Se você está vendendo menos ou não está vendendo, tem algum canal inativo. Talvez um dos blocos do modelo de negócio que será mais influenciado após a crise será o de canais. O isolamento social pode não ter gerado distanciamento entre cliente e oferta, porém impôs desafios na logística de compra. Empresas continuaram a ofertar seus produtos, entretanto não atentaram à necessidade de desenho de novos processos, o que gerou consideráveis impactos de custos ou inviabilizou a execução. Outro fator importante é a falta de integração entre canais, o tão citado omnichannel, que proporciona uma melhor experiência de compra para o cliente. Modelos de negócios multifacetados, ou seja, com diferentes segmentos de clientes, necessitam de diversificação para distribuição do produto. O que surge nesse momento são falácias gerais do tipo: se você tivesse mais canais digitais, como e-commerce, aplicativo, rede social e marketplace, não estaria sofrendo com a crise. Essa afirmativa não é real. Uma startup não escolhe canais por escolher, ou ao menos não deveria assim o fazer. A definição se encontra entre balancear proposta de valor, custos, modelo de receitas e principalmente conhecer quem são os seus clientes. Afinal o melhor canal não vem de quem oferta e sim pela preferência de quem compra. Transforme seus canais na mesma intensidade que a crise te motivará a transformar sua gestão financeira.

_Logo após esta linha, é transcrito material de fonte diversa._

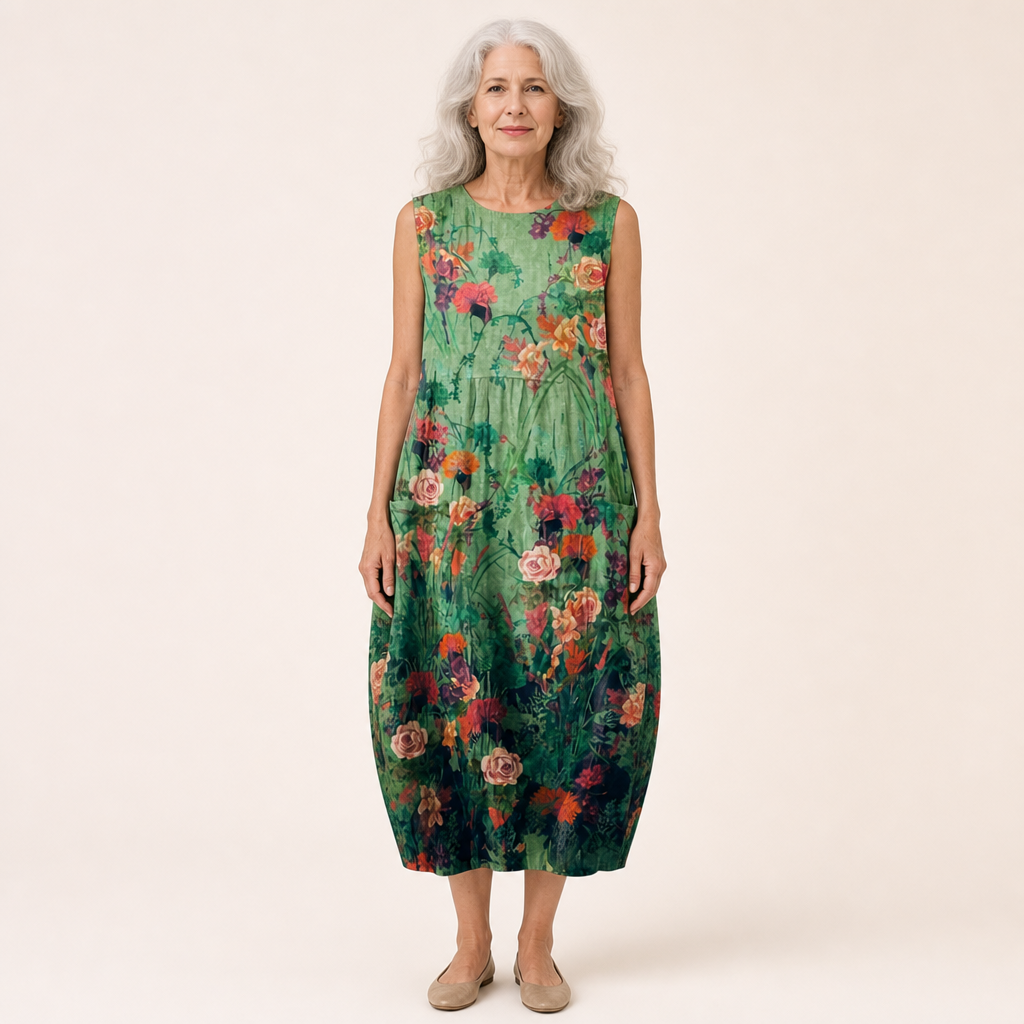 Juliette | Robe d’Été Confortable Sans Manches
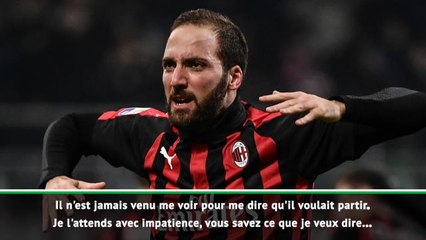 Milan - Gattuso : "Higuain est heureux et je veux qu'il joue"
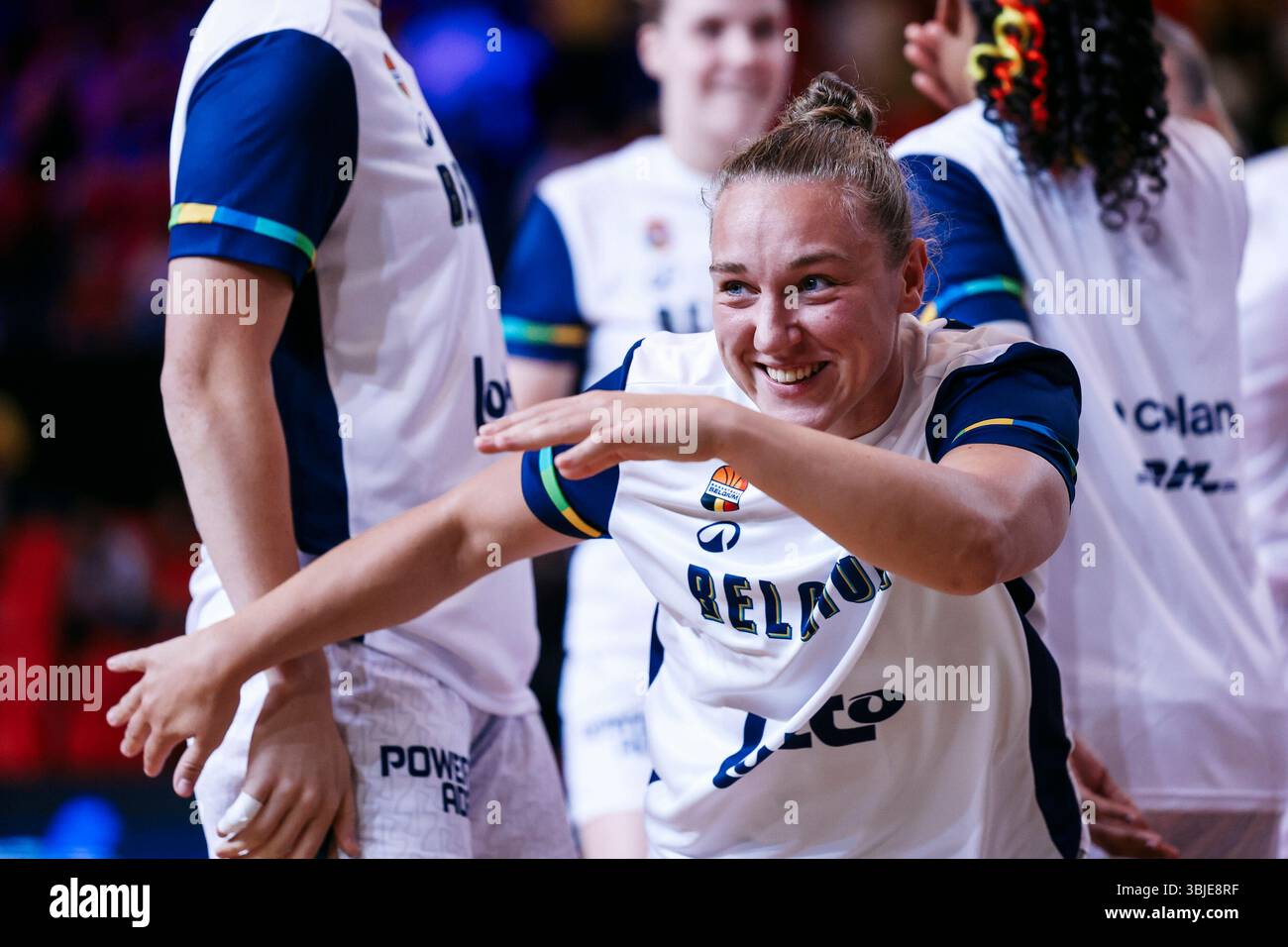 Elise Ramette (Belgien, 4) Basketball Damen Testspiel: Belgien ...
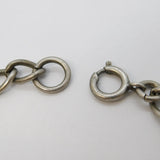 Sterling Silver Curb Link Bracelet Vintage c1960 18cm Length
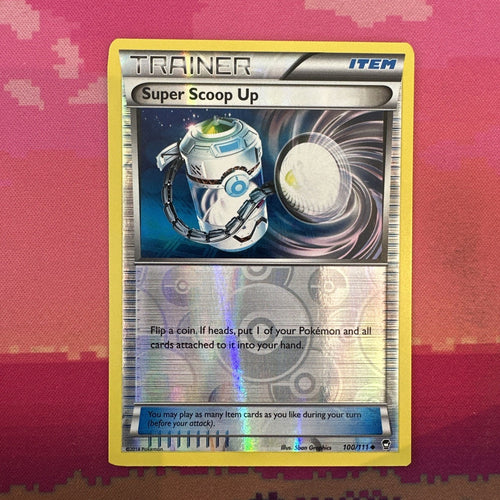 Pokemon Card Super Scoop Up Furious Fists Reverse Holo 100/111 Near Mint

Termino esse artigo te encorajando a se motivar para vencer a complexidade do cenário. De um dia para o outro, um meteoro atingiu seu negócio e você se viu prensado em meio ao caos e falta de previsibilidade. Volte às origens e lembre-se: a startup nasceu levantando hipóteses para o modelo de negócios. E sob uma perspectiva de desenvolvimento de clientes, essa é uma tarefa contínua e ajustável. Você vai errar e acertar, só não pode parar.

Pedro Rosa é CEO e fundador da fintech Vamos Parcelar. Formado em administração de empresas, é especialista em arranjo de pagamentos e também desenvolve produtos e tecnologia para empresas do varejo e Governo. Sua startup foi vencedora do Demo Day do Innovation Pay 2019.